In the midst of the Photokina fever, I would like to come in with the 
conclusions of a couple of tests done by the French magazine Chasseur 
d'Images (although their latest reports have been mentioned before on 
this list). The results are quite critical...

Summicron-R 35/2.0
4 stars for performance (out of 5), 1 star for price/performance ratio, 3 
stars for cote d'amour (subjective rating)
Excellent lens but price is outrageous: even when the quality of the 
construction is taken into account, the price is 3 to 4 times as much as 
the competition.

Apo-Telyt-R 180/3.4
4 stars for performance, 1 star for price/performance ratio, 1 star for 
cote d'amour
Maximum opening too slow compared to the classic 180/200mm (2.8). No 
internal focusing. A lens of the past. Others are about the same quality 
for much less, with added autofocus. With the exception of the second 
hand-market (and even then), this lens cannot be recommended.

Summicron-R 90/2.0
3 stars for performance, 1 star for price/performance ratio, 2 stars for 
cote d'amour
Excellent performance for such a type of lens, but once again: why should 
it be priced 5 times as high as the competition without really much 
optical quality difference? Excellent performer, but with very banal 
characteristics.

Do you notice a pattern? Althought they admit that the optical and 
mechanical quality of these three lenses is excellent, their prices at 
outrageous compared to the competition that can offer lenses as good as 
these Leica's for much less with the added bonus of autofocus.

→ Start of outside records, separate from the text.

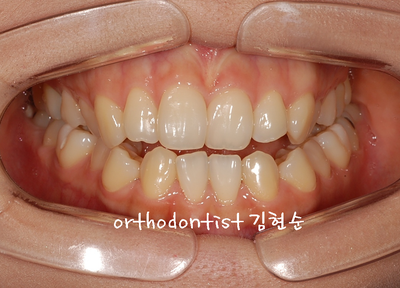 개방 교합 관련 이미지 5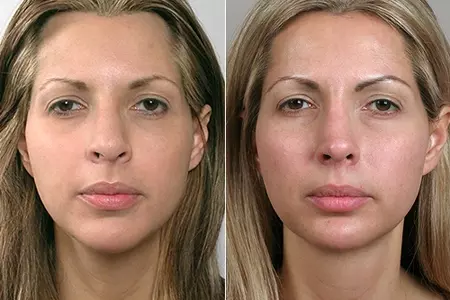 Secondary rhinoplasty in Iran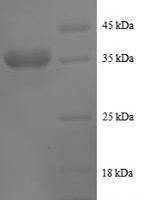 Human Cytochrome b-c1 complex subunit 8 (UQCRQ), partial Recombinant Protein - BioCrest Sci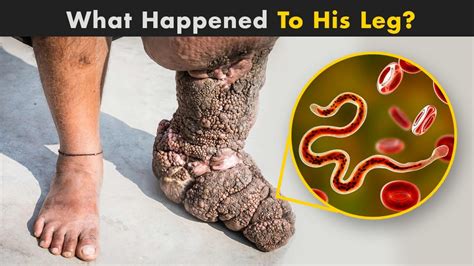 Elephantiasis - What Happen To Our body In Elephantiasis? (Urdu/Hindi ...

In the same Octobre issue, the MINILUX ZOOM is tested. Here again, the 
results are very critical. Perfect finish and very elegant, no doubt 
about it. But very banal characteristics (just like an ordinary P&S).
Major drawbacks: lenscap not integrated (one can even press the shutter 
with the lenscap on), too easy to change settings unwillingly, shutter 
release button awkwardly placed, too big and too heavy, center-metering 
only (no matrix), no aperture-priority mode.
On the plus side is of course the excellent lens quality. But they note 
that the optical quality is less than a quality SLR zoom lens like a 
Sigma 28-70/2.8 or Tokina 28-70/2.6-2.8! There is also some vignetting at 
35mm.
This camera falls in between two different groups of users: the 
well-heeled inexperienced users (but then the problem is they have to 
think a lot because there is no matrix metering) and the expert users 
(but for these some essential features are lacking like aperture priority 
mode).
Only three stars for cote d'amour. Handling 3 stars, viewfinder 4 stars, 
exposure 3 stars, noise level 3 stars, ergonomics 2 stars, lens 5 stars.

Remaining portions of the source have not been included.